A vederlo attraversare il centro di Roma sulla Lancia Flaminia presidenziale che saluta ali festanti di cittadini, non si direbbe proprio che quella appena conclusa sia stata la settimana più difficile della vita politica di Sergio Mattarella. Una settimana in cui ha dovuto dimostrare che tipo di presidente della Repubblica essere. Cosa che ha fatto riuscendo ad arrivare in porto dopo una traversata di 87 lunghi giorni, tra accelerazioni, frenate, tatticismi e una valanga di critiche (anche da questo giornale). Un successo per il capo dello Stato, che ieri ha festeggiato senza trionfalismi ma mostrando a più riprese un’espressione di evidente soddisfazione.
D’altra parte, a quasi tre mesi esatti dalle elezioni, Mattarella è riuscito a chiudere un puzzle nel quale tiene insieme quelle che a suo avviso erano le priorità della legislatura. In primo luogo farla andare avanti, evitando un ritorno alle urne che avrebbe esposto l’Italia all’ottovolante dei mercati, compromettendo ancora di più la nostra credibilità internazionale. In secondo luogo il Quirinale voleva dare il via ad un governo politico, sostenuto dalle due principali forze uscite vincitrici dalle elezioni dello scorso 4 marzo. Un esecutivo che nonostante sia un bicolore M5s-Lega vede comunque di molto smussate le sue posizioni euroscettiche, non tanto nelle dichiarazioni di queste ore (su tutte la rassicurazione del neoministro dell’Economia Giovanni Tria) quanto nella compagine di governo. Non solo a Palazzo Chigi, ma anche agli Esteri, alla Difesa e a via XX Settembre, Mattarella è infatti riuscito a far sì che non sedessero figure divisive o di rottura con i partner internazionali. Un risultato portato a casa dopo il braccio di ferro sul nome di Paolo Savona, alla fine dirottato al ministero delle Politiche Ue. Che, con buona pace di chi sostiene sia un posto chiave nell’interazione con Bruxelles, resta comunque un dicastero senza portafoglio e con competenze di risulta rispetto a quelle già in capo a presidente del Consiglio, ministro degli Esteri e ministro dell’Economia.

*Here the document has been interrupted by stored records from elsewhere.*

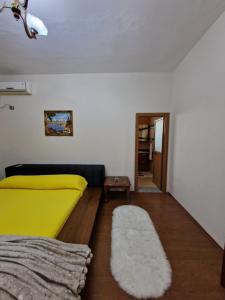 a bedroom with a yellow bed and a rug at The Koplik Guesthouse in Koplik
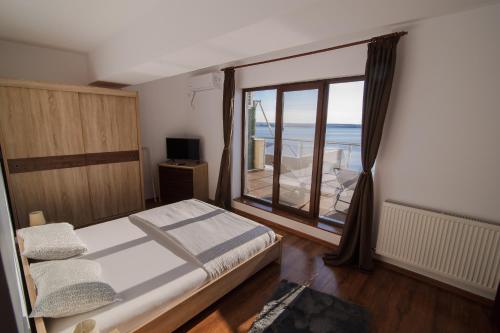 a bedroom with a bed and a large window at Sea Gem Mamaia - 200m to Beach, XL Terrace, and Beautiful Views in Mamaia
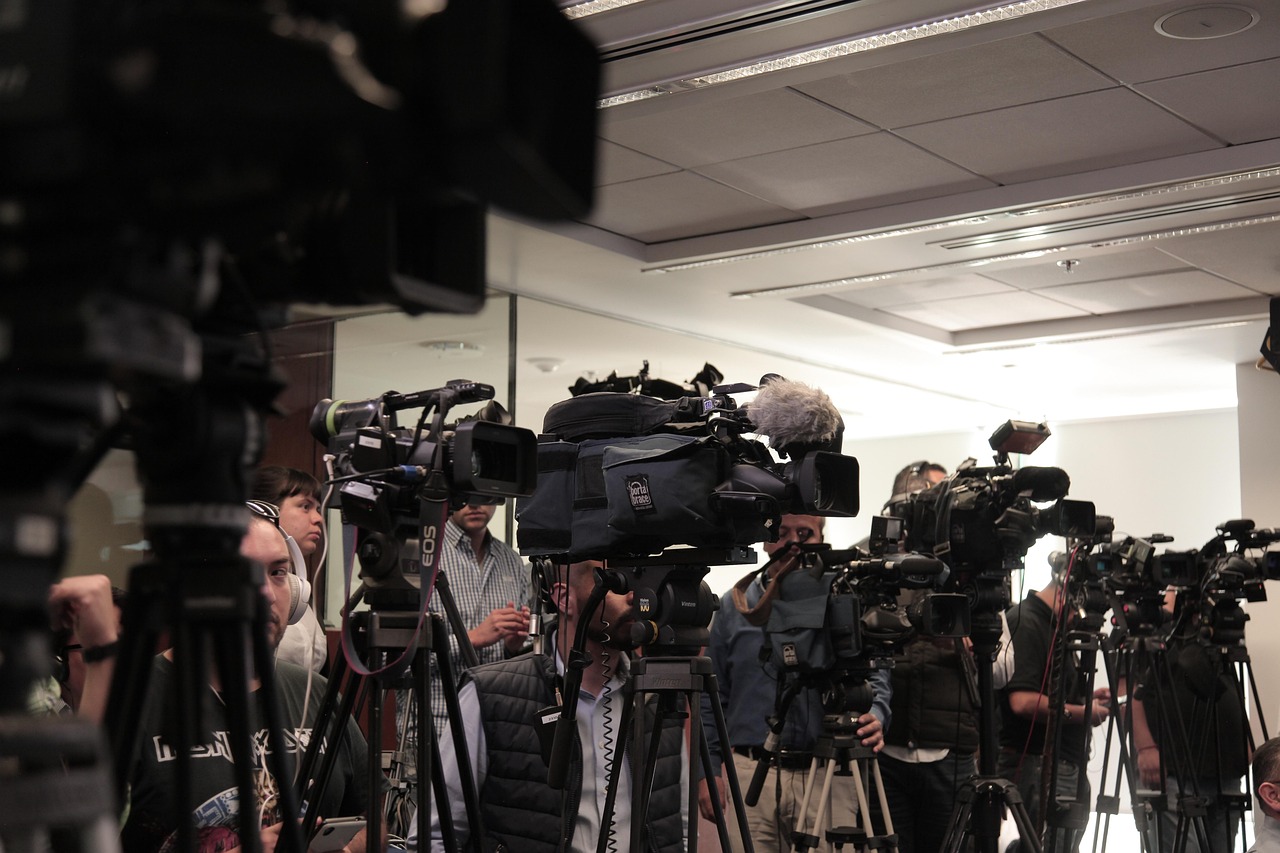 Penta Media reporters and cameras in a newsroom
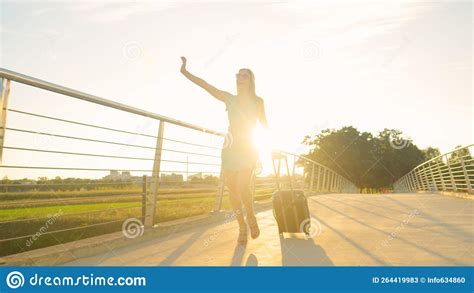 LENS FLARE Gorgeous Woman In Heels Walks Across An Overpass With A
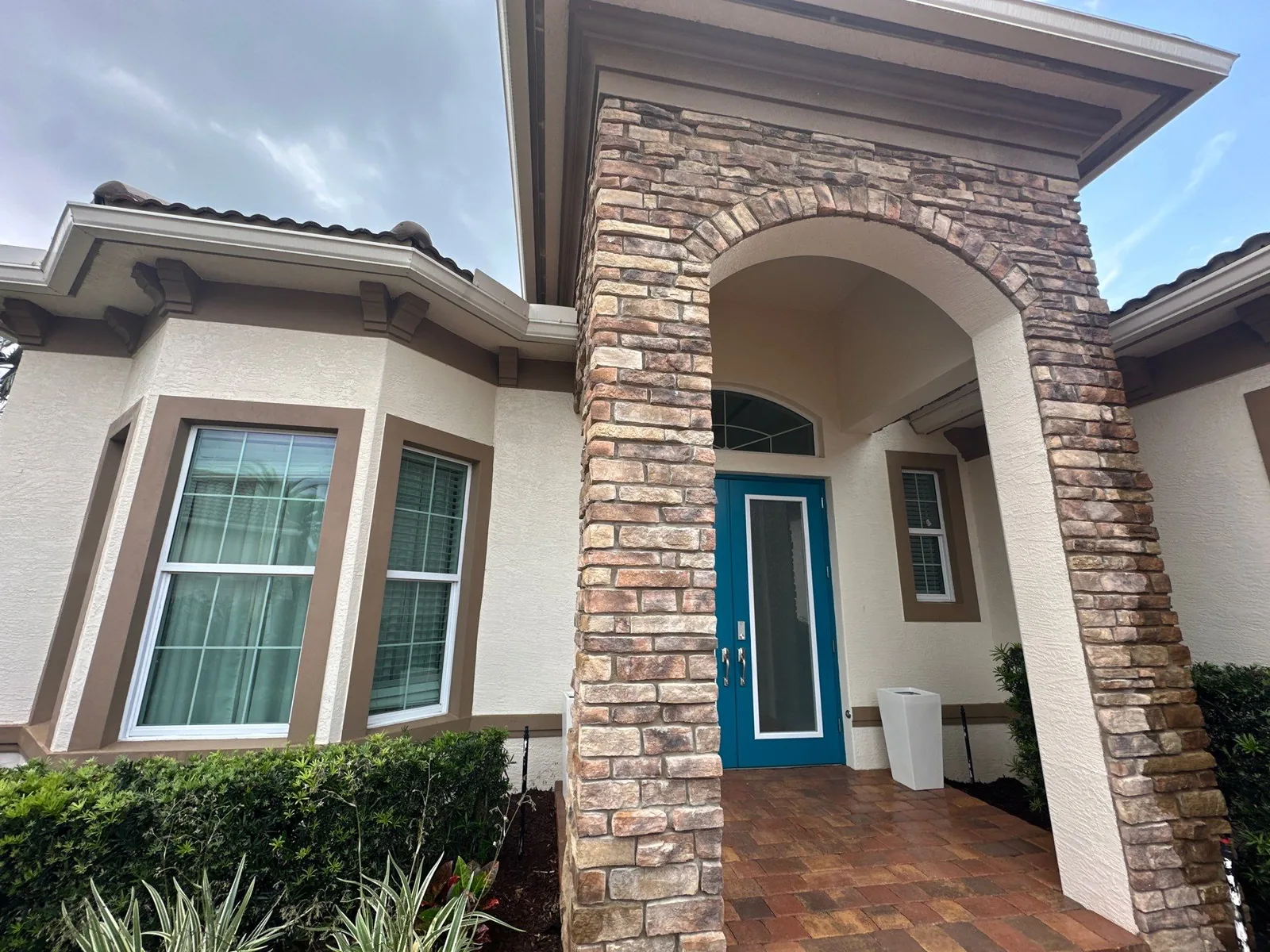 Exterior Painting in Port Saint Lucie, Florida. Front entry of a home with tan stucco, brown window and trim paint, a stone-veneer arched portico and a teal front door.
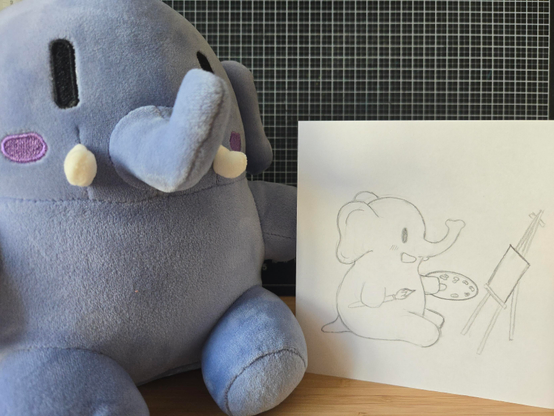 A photo of Plustodon. Next to it is a drawing. On the drawing is Plushtodon with paint and brush looking at an empty canvas.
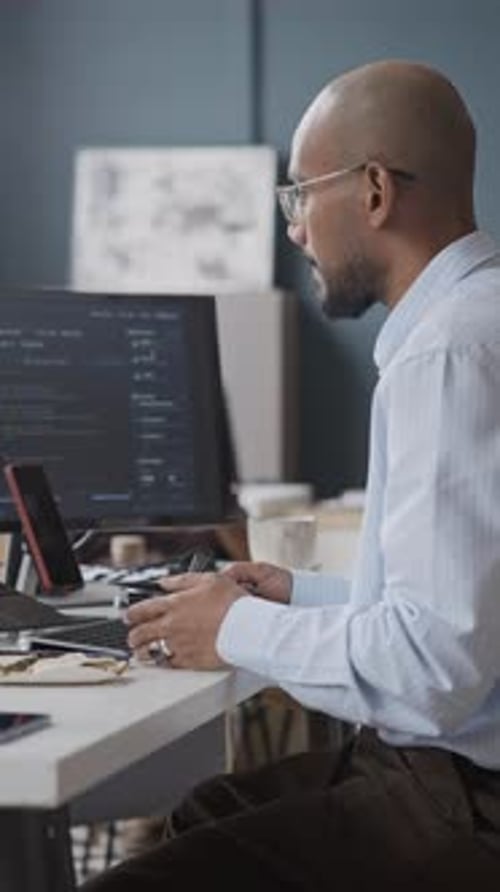 Focused Man Using Game Controller While Sitting at Desk and Snacking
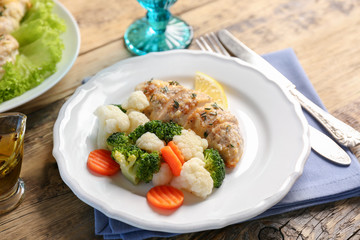 Tasty chicken breast with vegetables on plate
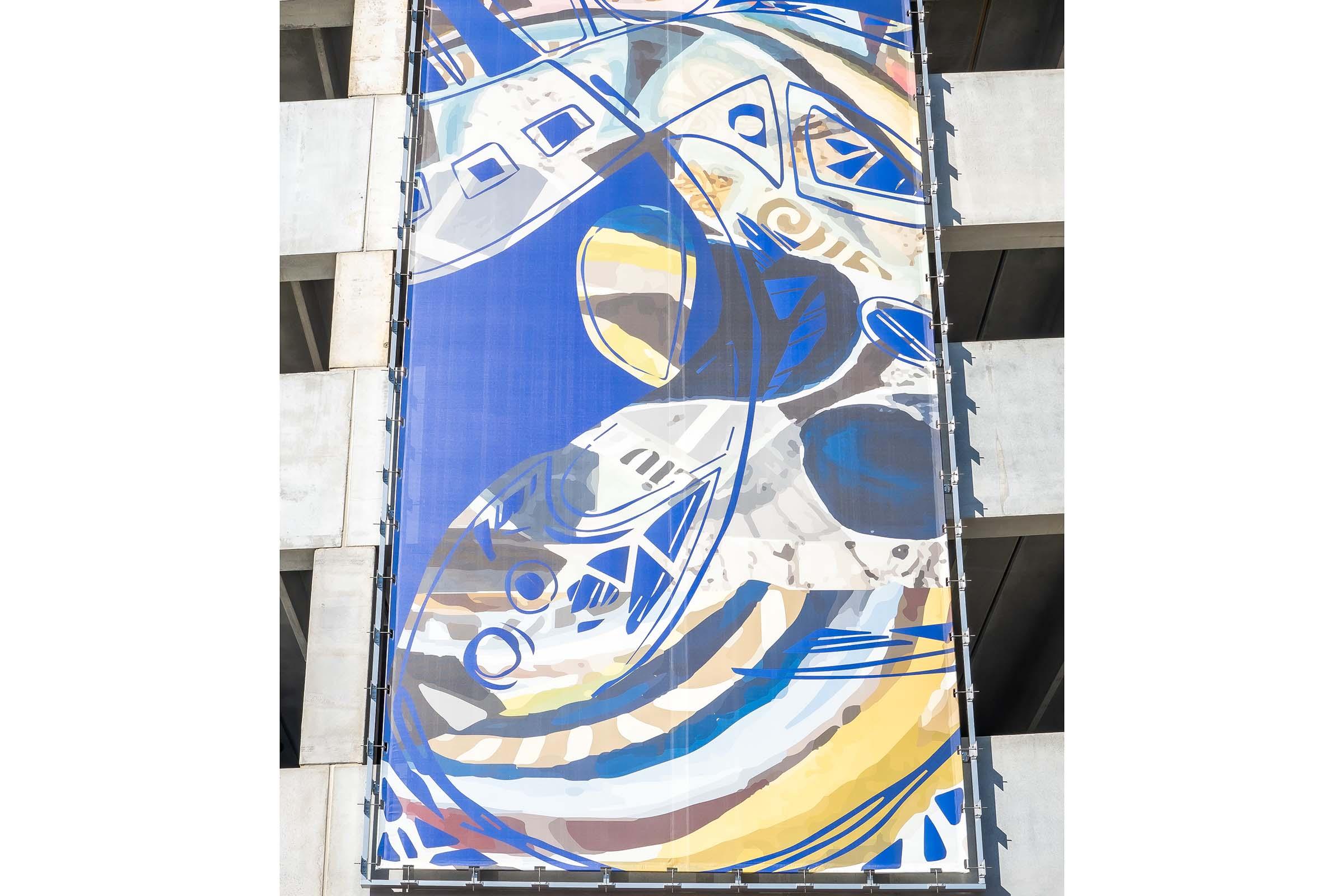 A vibrant mural displayed on a building facade, featuring abstract shapes and colorful designs in shades of blue, yellow, and white, depicting stylized fish and other elements. The artwork adds visual interest to the concrete structure.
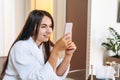 Young woman in bathrobe in hotel room using mobile phone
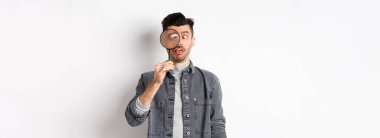 Komik genç adam gözlerini kısıyor, büyüteçle yüzlerini gösteriyor, beyaz arka planda duruyor..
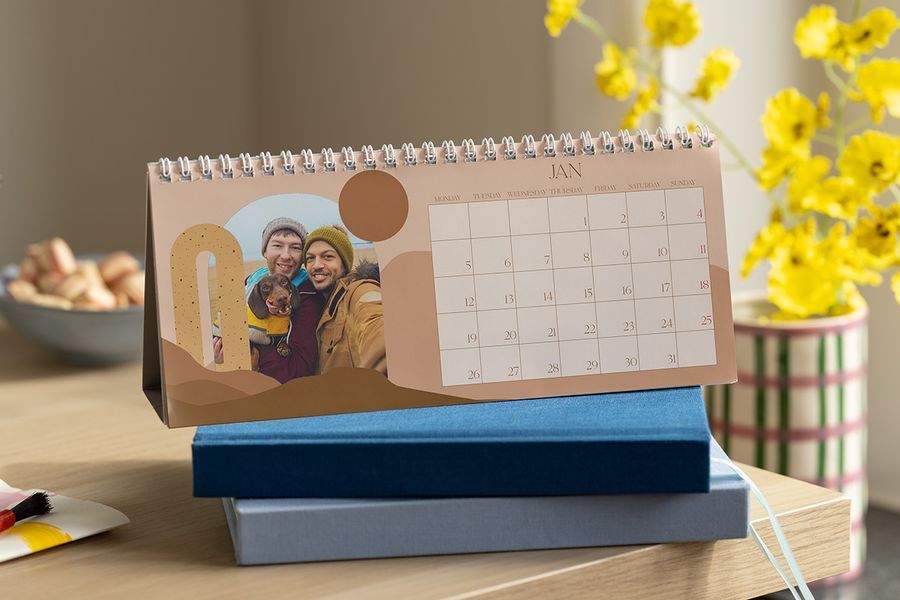 En personlig bordkalender med et bilde av to menn og en hund, som viser kreativ skrivebordsdekor hos fotoknudsen.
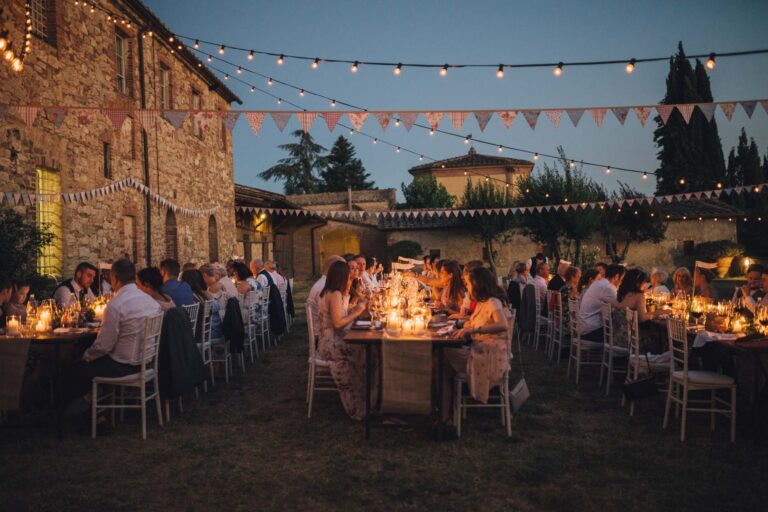 Guests at candlelit dinner tables at dusk beside a stone building, bunting and lights overhead, Tuscan DMC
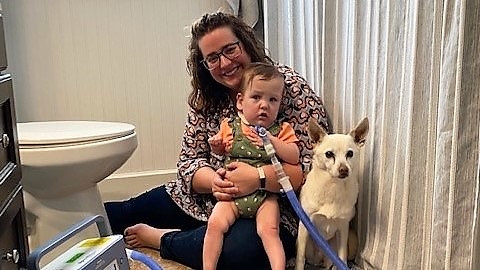 Mother smiles holding toddler with tracheostomy tube in bathroom with dog to shelter from a tornado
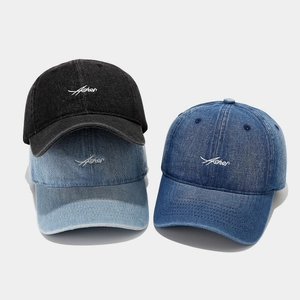 Denim baseball caps with Asher embroidery in black and blue washes on a white background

Per Mattarella, dunque, una lunga partita a scacchi, giocata con la pazienza e l’imperturbabilità della vecchia sinistra democristiana. Fino all’eccesso, al punto da attirarsi critiche e dubbi legittimi. Tanto da mettersi nella rischiosa condizione di chi sul tavolo da poker decide per l’all in: vincere l’intero piatto oppure perdere tutto. Alla fine è andata bene. E sono dunque cadute le tante perplessità sulla gestione di una crisi che ha avuto un percorso più che accidentato. A partire alla decisione di investire tutto su Luigi Di Maio, fin da quando - ancora prima del voto - fu ricevuto sul Colle legittimando la carnevalata della presentazione della lista dei ministri (ad uso e consumo dei media). Il momento più difficile, di certo, è stato quello che ha seguito il veto su Savona, con il leader del M5s a chiedere l’impeachment del capo dello Stato con una violenza verbale che ha fatto temere il peggio. Anche qui, Mattarella ha scelto di pazientare e continuare a tessere la tela del dialogo, seppure sotterraneo.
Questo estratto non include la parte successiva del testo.